Premier Doug Ford’s surprise decision to chop the size of Toronto city council from 44 members to 25 has been called dictatorial, vindictive and undemocratic. (Though the move does also have some fans.) Is there anything outraged citizens can do to stop him? Here’s a look at five options, presented in order from “you’ve got to be kidding me” to “hmm, maybe that’s worth a try.”

Secession

Former chief city planner Jennifer Keesmaat entered the mayoral race on Friday with a bombshell tweet: “Now I have had a chance to sleep on it. Secession.” It wasn’t clear at first whether she was joking about creating Canada’s 11th province, but she later doubled down, saying “laws change,” before slowly backing away from the idea once the press began to run with it.

Sure, laws can be changed, but University of Ottawa law professor Joseph Magnet says the law in question is the constitution, so Keesmaat’s proposal is hard to take seriously.

“You’d need the Senate and the House of Commons on board, and you would need the Legislature of Ontario on board, and that’s just not going to happen,” he says.

Trudeau to the rescue!

Some have suggested that Justin Trudeau’s government could quash the bill. Don’t hold your breath.

According to Magnet, the Constitution Act gives exclusive power to the provinces to create, merge and destroy municipalities. “There is no role for the federal parliament to interfere and tell Ontario what to do,” he says.

Adam Vaughan, the parliamentary secretary in charge of urban affairs, has already told the Toronto Star that Ottawa is “not going to try to rewrite the constitution because of one bad decision at Queen’s Park.”
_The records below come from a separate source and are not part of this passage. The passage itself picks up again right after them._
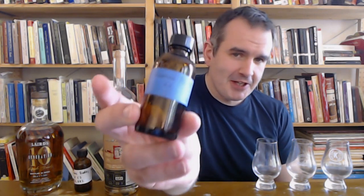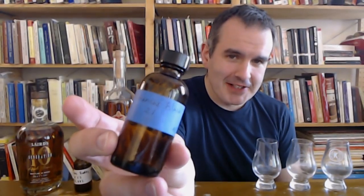Hello and happy Fourth! I have now finished the last of my sample of Arkansas Black 21, which is a sad thing, but it means I am now ready to continue our series of reviews of American apple brandy — and we're doing Laird's.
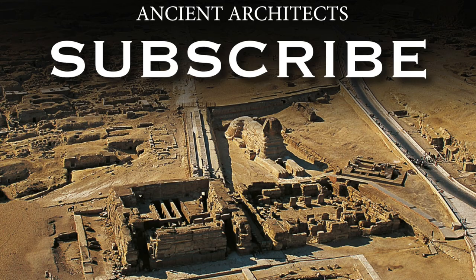Thank you very much for watching this episode of Ancient Architects. If you enjoyed the video, please subscribe to the channel, like the video and leave a comment below.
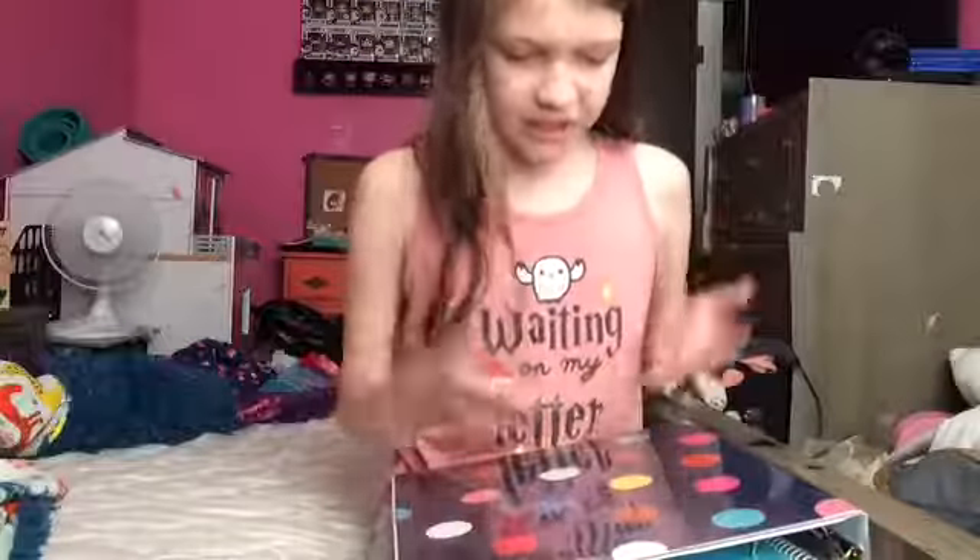My favorite part of my school supplies is my binder. I got a binder from Walmart today. All of my supplies that are in my backpack that I'm showing you today are from Walmart. I'm so glad we went to Walmart today. So first off, let's talk about the binder — the binder is polka dotted. It's got blue, pink, white, gold, yellow, green, and bronze polka dots on it.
There is technically one legal option, called “disallowance,” where the federal cabinet could simply wipe the provincial law off the books. But that power hasn’t been used since 1943 and Magnet says doing so would be far too political risky. If Trudeau’s government were to use disallowance on Ontario, it would raise questions about whether they would use it in all kinds of other situations, like forcing a pipeline through B.C. or challenging Quebec’s language laws. “It would create a constitutional crisis,” he says.
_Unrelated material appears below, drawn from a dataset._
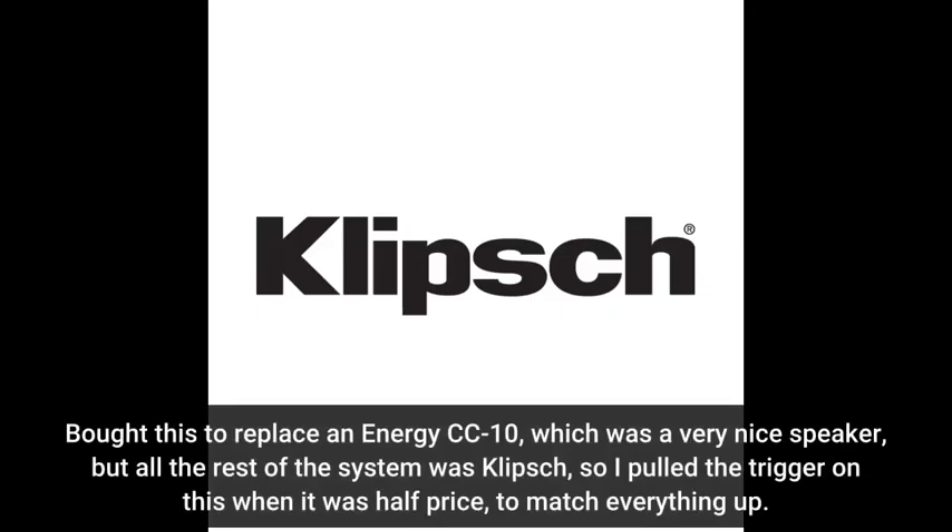Bought this to replace an Energy CC10, which was a very nice speaker, but all the rest of the system was Klipsch, so I pulled the trigger on this when it was half price to match everything up.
A court challenge based on “effective representation”

City council voted in favour of asking the city solicitor to “consider the validity and constitutionality” of the legislation and “its potential violation of the rights of the citizens of Toronto to fair and effective representation.”

“Effective representation” is a right affirmed by the Supreme Court of Canada in 1991. The gist is that provincial and federal electoral districts should be roughly comparable in population size. John Mascarin, a lawyer at Aird and Berlis who specializes in municipal law, says an argument could be made that this same principle applies to wards in the city of Toronto. A lawyer could try to demonstrate that the 25 remaining councillors would have so many people in each of their wards that council would no longer offer effective representation.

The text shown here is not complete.